Former IOC medical commission chairman Arne Ljungqvist was among the braintrust who drafted the new guidelines and says the consensus was influenced by social and political changes in the world.

The guidelines are not written in stone. According to IOC Medical Director Dr. Richard Budgett, they are designed as recommendations for international sports federations and other bodies to follow, starting with this summer’s Olympics in Rio de Janeiro.

“I don’t think many federations have rules on defining eligibility of transgender individuals," Budgett said in a telephone interview with The Daily News. “This should give them the confidence and stimulus to put these rules in place.”


The guidelines, first reported by Outsports.com, were ratified after a meeting of Olympic officials and medical experts in November in Switzerland.  While, the guidelines give transgender athletes a more secure legislative platform to stand on and eases the feeling of non-acceptance, it is not without its double standards.

Under the previous IOC guidelines from 2003, athletes who transitioned from male to female or vice-versa were required to have reassignment surgery followed by at least two years of hormone therapy in order to be eligible. This made sense, considering the fact that there are proven differences in the anatomy, strength and bone composition of male and female athletes.

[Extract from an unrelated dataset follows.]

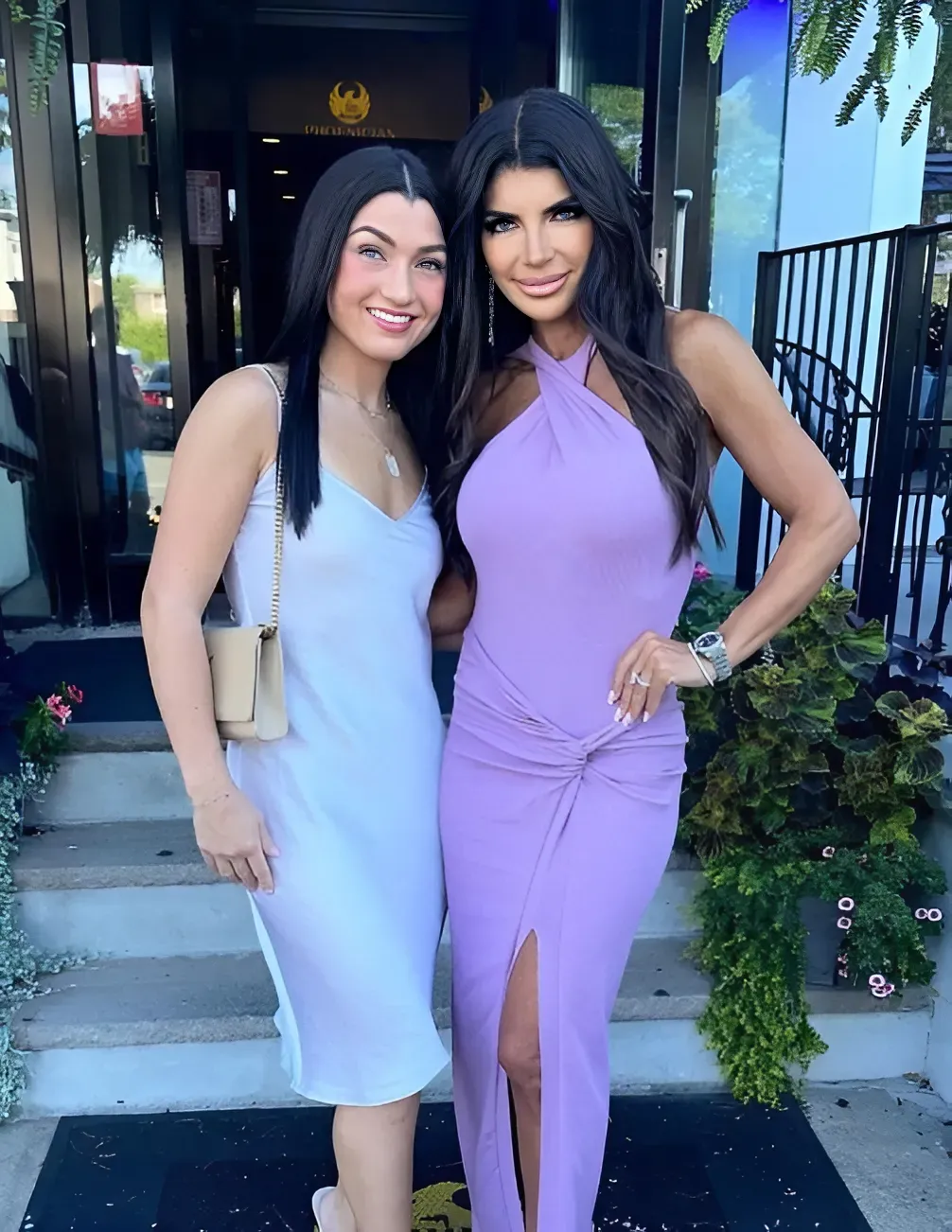 Source Explains Why Gabriella Giudice Didn’t Film Her Move to University of Michigan for RHONJ Season 14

Now, surgery will no longer be required, with female to male transgender athletes. However, male-to-female transgender athletes will need to demonstrate that their testosterone level has been below a specific cutoff point for at least one full year prior to competing.

The IOC stated on its website: “To require surgical anatomical changes as a precondition to participation is not necessary to preserve fair competition and may be inconsistent with developing legislation and notions of human rights.”

A ruling such as this --  as low key as it has been as a media story -- could change the Olympic strategy of certain countries who notoriously cut corners to win in international competitions. As much as it is intended to preserve fair and equal competition, it may also open up a can of worms that is crawling with people who may attempt to exploit it.